== DATA TO USE

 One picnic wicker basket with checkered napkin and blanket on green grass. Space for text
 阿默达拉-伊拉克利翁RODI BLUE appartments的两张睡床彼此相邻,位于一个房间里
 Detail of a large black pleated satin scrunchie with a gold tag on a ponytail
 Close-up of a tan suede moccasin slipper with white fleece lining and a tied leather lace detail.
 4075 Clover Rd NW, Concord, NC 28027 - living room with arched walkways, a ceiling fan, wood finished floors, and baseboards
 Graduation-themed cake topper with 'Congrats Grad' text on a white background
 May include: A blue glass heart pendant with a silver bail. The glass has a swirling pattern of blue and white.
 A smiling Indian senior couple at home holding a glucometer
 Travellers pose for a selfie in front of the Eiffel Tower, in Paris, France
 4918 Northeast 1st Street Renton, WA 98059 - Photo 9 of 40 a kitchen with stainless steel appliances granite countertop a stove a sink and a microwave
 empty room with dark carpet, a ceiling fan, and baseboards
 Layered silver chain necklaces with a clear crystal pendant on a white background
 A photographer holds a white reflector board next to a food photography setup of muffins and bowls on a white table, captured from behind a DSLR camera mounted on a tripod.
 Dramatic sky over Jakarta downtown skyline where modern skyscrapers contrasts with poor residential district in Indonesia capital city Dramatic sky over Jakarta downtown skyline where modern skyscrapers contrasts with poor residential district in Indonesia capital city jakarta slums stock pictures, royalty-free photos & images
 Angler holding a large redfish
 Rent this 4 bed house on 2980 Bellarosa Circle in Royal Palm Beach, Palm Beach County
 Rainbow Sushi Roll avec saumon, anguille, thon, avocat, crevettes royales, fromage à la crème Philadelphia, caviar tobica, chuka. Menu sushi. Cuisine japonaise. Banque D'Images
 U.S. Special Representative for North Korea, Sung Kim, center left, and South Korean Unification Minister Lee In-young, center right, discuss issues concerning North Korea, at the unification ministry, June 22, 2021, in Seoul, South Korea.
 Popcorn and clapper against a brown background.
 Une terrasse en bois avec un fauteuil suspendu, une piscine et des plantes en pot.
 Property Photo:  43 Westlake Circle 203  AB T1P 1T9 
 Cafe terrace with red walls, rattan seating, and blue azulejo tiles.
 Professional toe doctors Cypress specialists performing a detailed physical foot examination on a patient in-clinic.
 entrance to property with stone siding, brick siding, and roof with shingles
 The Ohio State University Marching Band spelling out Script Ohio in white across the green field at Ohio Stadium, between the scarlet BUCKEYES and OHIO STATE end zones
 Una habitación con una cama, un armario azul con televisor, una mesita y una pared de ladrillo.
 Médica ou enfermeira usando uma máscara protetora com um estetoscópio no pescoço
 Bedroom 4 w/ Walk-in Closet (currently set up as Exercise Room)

====

| AIM OF THE EXERCISE |
Determine, please, how many lines hold "holding" in the records, and give that number by itself.

| EXPECTED ANSWER |
2